Configuration

There are three configuration files that control server operation:

Finally there is an environment variable, VOLDEMORT_HOME, that controls the directory in which data and configuration reside. You can see an example of how the configuration is layed out in the config/ subdirectory of the project. This includes sample configurations that you can modify with your own specifics.

Cluster configuration

Here is an example cluster.xml for a 2-node cluster with 8 data partitions. We also have optional 'zone' fields which allow you to map nodes to certain logical clusters ( datacenter, rack, etc ) called zones:

 
  <cluster>
    <!-- The name is just to help users identify this cluster from the gui -->
    <name>mycluster</name>
    <zone>
      <zone-id>0</zone-id>
      <proximity-list>1</proximity-list>
    <zone>
    <zone>
      <zone-id>1</zone-id>
      <proximity-list>0</proximity-list>
    <zone>
    <server>
      <!-- The node id is a unique, sequential id beginning with 0 that identifies each server in the cluster-->
      <id>0</id>
      <host>vldmt1.prod.linkedin.com</host>
      <http-port>8081</http-port>
      <socket-port>6666</socket-port>
      <admin-port>6667</admin-port>
      <!-- A list of data partitions assigned to this server -->
      <partitions>0,1,2,3</partitions>
      <zone-id>0</zone-id>
    </server>
    <server>
      <id>1</id>
      <host>vldmt2.prod.linkedin.com</host>
      <http-port>8081</http-port>
      <socket-port>6666</socket-port>
      <admin-port>6667</admin-port>
      <partitions>4,5,6,7</partitions>
      <zone-id>1</zone-id>
    </server>
  </cluster>

One thing that is important to understand is that partitions are not static partitions of servers, but rather they are a mechanism for partitioning the key space in such a way that each key is statically mapped to a particular data partition. What this means is that a particular cluster may support many stores each with different replication factors—the replication factor is not hardcoded in the cluster design. This is important, since some data is more important than other data, and the correct trade-off between performance and consistency for one store may be different from another store.

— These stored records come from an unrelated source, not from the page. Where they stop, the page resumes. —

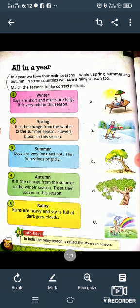In some countries, we have a rainy season too. Underline 'rainy' — it is also the name of a season. In our country, there are five main seasons: Winter, Summer, Spring, Autumn and Rainy Season.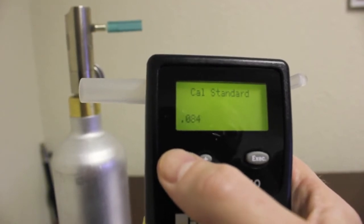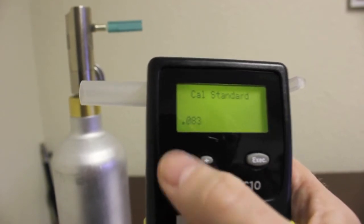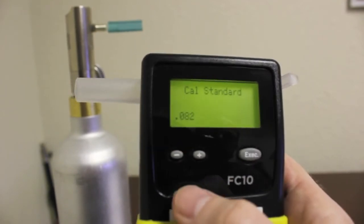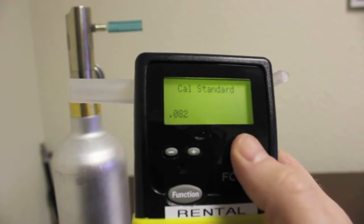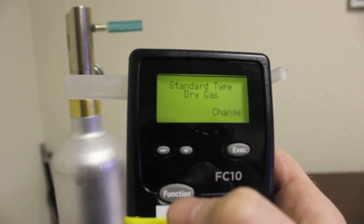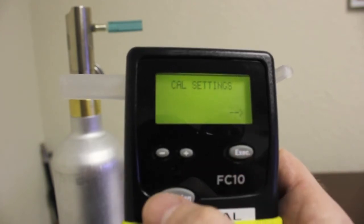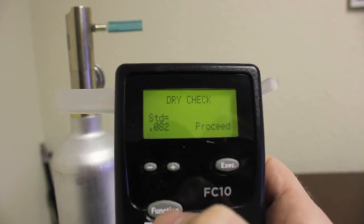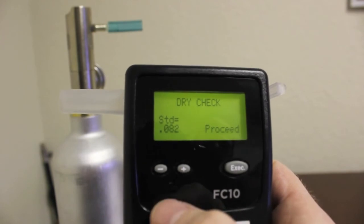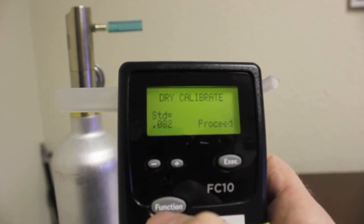Press the Function button until you reach the Exit screen and press the Execute button to exit back to the Cal Settings screen. Press the Function button until you reach the Dry Calibrate screen.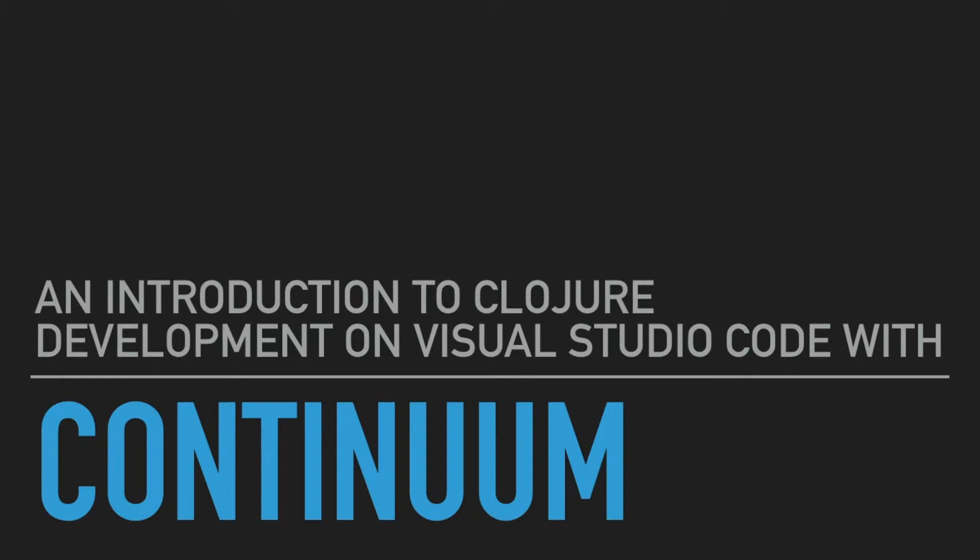Hello and welcome. My name is James Norton and this is an introduction to Continuum, a Clojure development extension for Visual Studio Code.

Another important point to remember is that the number of data partitions cannot be changed. We do support an online redistribution ( rebalancing ) of partitions. In other words inclusion of new nodes results in moving ownership of partitions, but the total number of partitions will always remain the same, as will the mapping of key to partition. This means it is important to give a good number of partitions to start with. The script here will generate this part of the config for you.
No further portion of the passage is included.